Ralph Miguel McGovern, 16-year-old son of the U.S. Marshal in Spokane, was back in Spokane after he joined the U.S. Navy under a false name, the Spokane Daily Chronicle reported on Jan. 12, 1921. (Spokesman-Review archives)

Ralph Miguel McGovern, son of the U.S. Marshal in Spokane, was brimming with patriotism and a “desire to see the world.” So he made plans to join the U.S. Navy.

Yet he was also only 16.

So after school, he went to the Navy recruiting station and told them that he was “James Owen McCoy,” and gave recruiters a false birth date.

“A half-hour later, he was a seaman in the U.S. Navy, and two hours after that he was on a train headed for his ship in San Francisco Bay.”

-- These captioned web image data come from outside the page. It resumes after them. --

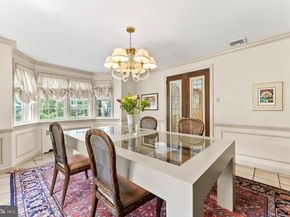 632 Foxcroft Road, Elkins Park PA 19027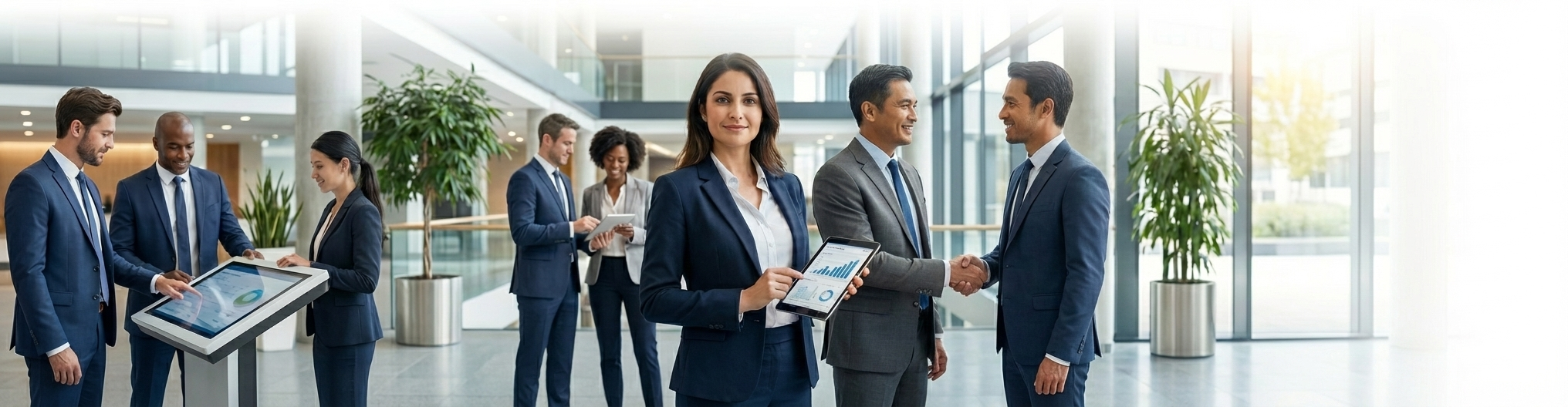 Tentang BPR Karimun Sejahtera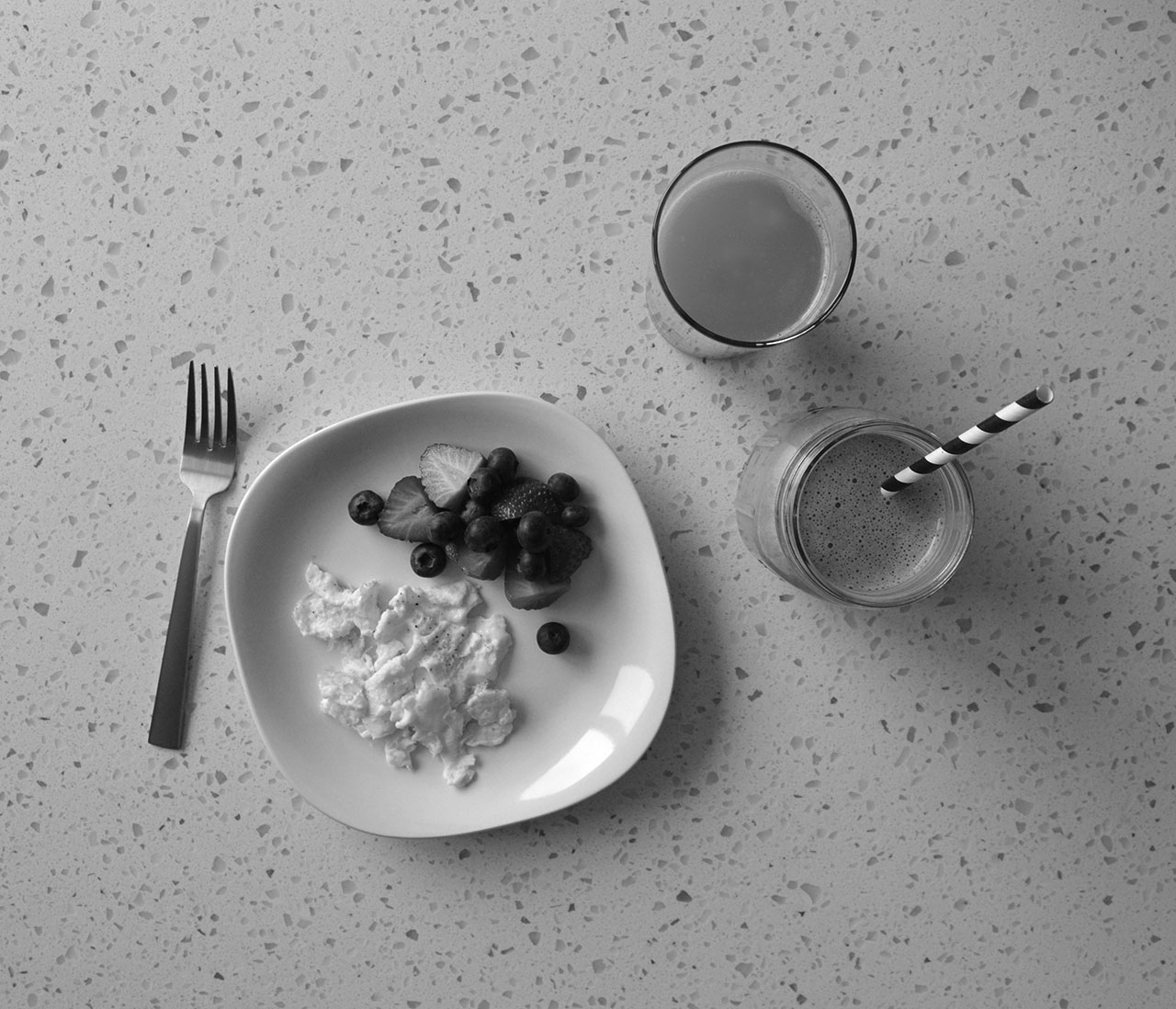 bfast.jpg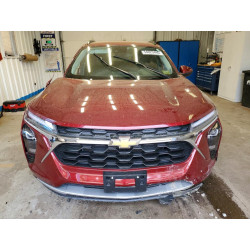 2024 CHEVROLET TRAX KL77LHE24RC065179 54623446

His family had no inkling of what had happened and began a frantic search. The next day the boy sent a telegram from Portland telling the whole story.

His father, half-amused and half-appalled, began a weekslong effort to inform the navy of the situation and to get the boy discharged and sent home.

More than a month later, young Ralph was on his way back home, his adventure over.

“The sailor will be back in high school in another week,” said his father. “… No damage done. Sum it up with, ‘just boy.’ ”

Also on this date

(From the Associated Press)

2000: In a 5-4 decision, the U.S. Supreme Court, in Illinois v. Wardlow, gave police broad authority to stop and question people who run at the sight of an officer.

2010: Haiti was struck by a magnitude-7 earthquake; the Haitian government said 316,000 people were killed, while a report prepared for the U.S. Agency for International Development suggested the death toll may have been between 46,000 and 85,000.